- [PROMPT]
Nothing less than an exact copy of all the records is required.

Records drawn from a dataset
=== Begin Enclosure ===
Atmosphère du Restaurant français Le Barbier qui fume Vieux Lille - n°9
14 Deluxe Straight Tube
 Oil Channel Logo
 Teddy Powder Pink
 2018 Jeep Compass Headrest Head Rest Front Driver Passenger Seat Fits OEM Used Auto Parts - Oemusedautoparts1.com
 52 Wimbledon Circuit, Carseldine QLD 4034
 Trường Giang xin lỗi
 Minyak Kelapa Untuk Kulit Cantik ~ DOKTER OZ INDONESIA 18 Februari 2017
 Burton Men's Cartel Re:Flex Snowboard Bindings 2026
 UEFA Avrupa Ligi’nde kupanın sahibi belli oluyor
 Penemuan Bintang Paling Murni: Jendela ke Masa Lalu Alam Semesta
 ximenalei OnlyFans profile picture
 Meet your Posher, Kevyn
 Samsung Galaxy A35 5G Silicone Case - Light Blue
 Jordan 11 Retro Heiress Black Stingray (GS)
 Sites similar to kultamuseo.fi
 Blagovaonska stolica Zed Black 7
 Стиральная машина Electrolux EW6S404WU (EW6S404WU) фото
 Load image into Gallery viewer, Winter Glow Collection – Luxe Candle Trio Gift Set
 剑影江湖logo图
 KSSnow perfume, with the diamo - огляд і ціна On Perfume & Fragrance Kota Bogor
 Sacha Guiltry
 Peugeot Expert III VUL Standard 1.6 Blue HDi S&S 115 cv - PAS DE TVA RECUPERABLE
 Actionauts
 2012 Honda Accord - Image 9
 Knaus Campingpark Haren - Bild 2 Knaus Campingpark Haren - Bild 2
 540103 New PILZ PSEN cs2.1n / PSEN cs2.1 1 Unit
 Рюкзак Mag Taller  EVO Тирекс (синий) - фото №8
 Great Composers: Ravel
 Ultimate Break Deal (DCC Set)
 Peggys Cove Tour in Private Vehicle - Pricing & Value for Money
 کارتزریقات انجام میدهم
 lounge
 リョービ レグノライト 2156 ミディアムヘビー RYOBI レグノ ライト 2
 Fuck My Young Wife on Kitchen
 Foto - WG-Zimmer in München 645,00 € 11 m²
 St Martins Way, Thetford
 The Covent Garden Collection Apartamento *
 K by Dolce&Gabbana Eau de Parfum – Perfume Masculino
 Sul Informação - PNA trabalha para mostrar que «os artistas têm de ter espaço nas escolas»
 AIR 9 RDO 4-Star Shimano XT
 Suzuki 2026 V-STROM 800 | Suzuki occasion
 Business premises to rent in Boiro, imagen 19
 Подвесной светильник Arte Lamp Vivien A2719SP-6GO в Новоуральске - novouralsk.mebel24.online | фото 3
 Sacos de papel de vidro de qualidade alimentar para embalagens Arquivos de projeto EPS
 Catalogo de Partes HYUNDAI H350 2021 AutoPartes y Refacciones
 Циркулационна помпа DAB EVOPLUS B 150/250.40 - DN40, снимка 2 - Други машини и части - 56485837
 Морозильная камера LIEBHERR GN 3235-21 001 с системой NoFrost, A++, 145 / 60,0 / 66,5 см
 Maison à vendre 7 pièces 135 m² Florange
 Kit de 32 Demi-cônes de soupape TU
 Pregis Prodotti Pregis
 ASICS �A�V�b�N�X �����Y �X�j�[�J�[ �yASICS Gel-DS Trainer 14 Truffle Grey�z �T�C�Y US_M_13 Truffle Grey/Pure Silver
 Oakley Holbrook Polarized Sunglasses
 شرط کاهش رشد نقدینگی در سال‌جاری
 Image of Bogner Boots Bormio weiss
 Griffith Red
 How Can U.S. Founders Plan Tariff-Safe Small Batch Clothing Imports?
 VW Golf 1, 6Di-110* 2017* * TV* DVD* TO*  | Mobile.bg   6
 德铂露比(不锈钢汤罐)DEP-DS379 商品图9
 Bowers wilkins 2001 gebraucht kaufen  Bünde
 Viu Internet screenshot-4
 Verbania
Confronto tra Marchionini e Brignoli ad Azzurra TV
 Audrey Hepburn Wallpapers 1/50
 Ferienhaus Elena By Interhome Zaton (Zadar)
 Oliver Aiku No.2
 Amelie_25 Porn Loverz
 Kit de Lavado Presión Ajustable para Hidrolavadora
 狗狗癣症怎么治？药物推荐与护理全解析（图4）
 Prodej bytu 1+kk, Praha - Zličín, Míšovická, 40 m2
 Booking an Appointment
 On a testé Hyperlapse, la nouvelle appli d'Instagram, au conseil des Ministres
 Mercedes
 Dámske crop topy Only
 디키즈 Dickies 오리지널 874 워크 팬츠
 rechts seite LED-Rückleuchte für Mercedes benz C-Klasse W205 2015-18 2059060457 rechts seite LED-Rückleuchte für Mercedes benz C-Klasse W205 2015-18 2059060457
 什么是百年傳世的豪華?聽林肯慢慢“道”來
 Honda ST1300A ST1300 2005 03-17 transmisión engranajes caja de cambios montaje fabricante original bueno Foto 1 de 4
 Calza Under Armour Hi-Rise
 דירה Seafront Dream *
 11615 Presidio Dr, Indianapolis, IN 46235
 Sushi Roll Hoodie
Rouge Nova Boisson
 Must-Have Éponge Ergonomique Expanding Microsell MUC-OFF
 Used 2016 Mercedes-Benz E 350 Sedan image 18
=== End Enclosure ===
- [RESPONSE AREA]
Atmosphère du Restaurant français Le Barbier qui fume Vieux Lille - n°9
14 Deluxe Straight Tube
 Oil Channel Logo
 Teddy Powder Pink
 2018 Jeep Compass Headrest Head Rest Front Driver Passenger Seat Fits OEM Used Auto Parts - Oemusedautoparts1.com
 52 Wimbledon Circuit, Carseldine QLD 4034
 Trường Giang xin lỗi
 Minyak Kelapa Untuk Kulit Cantik ~ DOKTER OZ INDONESIA 18 Februari 2017
 Burton Men's Cartel Re:Flex Snowboard Bindings 2026
 UEFA Avrupa Ligi’nde kupanın sahibi belli oluyor
 Penemuan Bintang Paling Murni: Jendela ke Masa Lalu Alam Semesta
 ximenalei OnlyFans profile picture
 Meet your Posher, Kevyn
 Samsung Galaxy A35 5G Silicone Case - Light Blue
 Jordan 11 Retro Heiress Black Stingray (GS)
 Sites similar to kultamuseo.fi
 Blagovaonska stolica Zed Black 7
 Стиральная машина Electrolux EW6S404WU (EW6S404WU) фото
 Load image into Gallery viewer, Winter Glow Collection – Luxe Candle Trio Gift Set
 剑影江湖logo图
 KSSnow perfume, with the diamo - огляд і ціна On Perfume & Fragrance Kota Bogor
 Sacha Guiltry
 Peugeot Expert III VUL Standard 1.6 Blue HDi S&S 115 cv - PAS DE TVA RECUPERABLE
 Actionauts
 2012 Honda Accord - Image 9
 Knaus Campingpark Haren - Bild 2 Knaus Campingpark Haren - Bild 2
 540103 New PILZ PSEN cs2.1n / PSEN cs2.1 1 Unit
 Рюкзак Mag Taller  EVO Тирекс (синий) - фото №8
 Great Composers: Ravel
 Ultimate Break Deal (DCC Set)
 Peggys Cove Tour in Private Vehicle - Pricing & Value for Money
 کارتزریقات انجام میدهم
 lounge
 リョービ レグノライト 2156 ミディアムヘビー RYOBI レグノ ライト 2
 Fuck My Young Wife on Kitchen
 Foto - WG-Zimmer in München 645,00 € 11 m²
 St Martins Way, Thetford
 The Covent Garden Collection Apartamento *
 K by Dolce&Gabbana Eau de Parfum – Perfume Masculino
 Sul Informação - PNA trabalha para mostrar que «os artistas têm de ter espaço nas escolas»
 AIR 9 RDO 4-Star Shimano XT
 Suzuki 2026 V-STROM 800 | Suzuki occasion
 Business premises to rent in Boiro, imagen 19
 Подвесной светильник Arte Lamp Vivien A2719SP-6GO в Новоуральске - novouralsk.mebel24.online | фото 3
 Sacos de papel de vidro de qualidade alimentar para embalagens Arquivos de projeto EPS
 Catalogo de Partes HYUNDAI H350 2021 AutoPartes y Refacciones
 Циркулационна помпа DAB EVOPLUS B 150/250.40 - DN40, снимка 2 - Други машини и части - 56485837
 Морозильная камера LIEBHERR GN 3235-21 001 с системой NoFrost, A++, 145 / 60,0 / 66,5 см
 Maison à vendre 7 pièces 135 m² Florange
 Kit de 32 Demi-cônes de soupape TU
 Pregis Prodotti Pregis
 ASICS �A�V�b�N�X �����Y �X�j�[�J�[ �yASICS Gel-DS Trainer 14 Truffle Grey�z �T�C�Y US_M_13 Truffle Grey/Pure Silver
 Oakley Holbrook Polarized Sunglasses
 شرط کاهش رشد نقدینگی در سال‌جاری
 Image of Bogner Boots Bormio weiss
 Griffith Red
 How Can U.S. Founders Plan Tariff-Safe Small Batch Clothing Imports?
 VW Golf 1, 6Di-110* 2017* * TV* DVD* TO*  | Mobile.bg   6
 德铂露比(不锈钢汤罐)DEP-DS379 商品图9
 Bowers wilkins 2001 gebraucht kaufen  Bünde
 Viu Internet screenshot-4
 Verbania
Confronto tra Marchionini e Brignoli ad Azzurra TV
 Audrey Hepburn Wallpapers 1/50
 Ferienhaus Elena By Interhome Zaton (Zadar)
 Oliver Aiku No.2
 Amelie_25 Porn Loverz
 Kit de Lavado Presión Ajustable para Hidrolavadora
 狗狗癣症怎么治？药物推荐与护理全解析（图4）
 Prodej bytu 1+kk, Praha - Zličín, Míšovická, 40 m2
 Booking an Appointment
 On a testé Hyperlapse, la nouvelle appli d'Instagram, au conseil des Ministres
 Mercedes
 Dámske crop topy Only
 디키즈 Dickies 오리지널 874 워크 팬츠
 rechts seite LED-Rückleuchte für Mercedes benz C-Klasse W205 2015-18 2059060457 rechts seite LED-Rückleuchte für Mercedes benz C-Klasse W205 2015-18 2059060457
 什么是百年傳世的豪華?聽林肯慢慢“道”來
 Honda ST1300A ST1300 2005 03-17 transmisión engranajes caja de cambios montaje fabricante original bueno Foto 1 de 4
 Calza Under Armour Hi-Rise
 דירה Seafront Dream *
 11615 Presidio Dr, Indianapolis, IN 46235
 Sushi Roll Hoodie
Rouge Nova Boisson
 Must-Have Éponge Ergonomique Expanding Microsell MUC-OFF
 Used 2016 Mercedes-Benz E 350 Sedan image 18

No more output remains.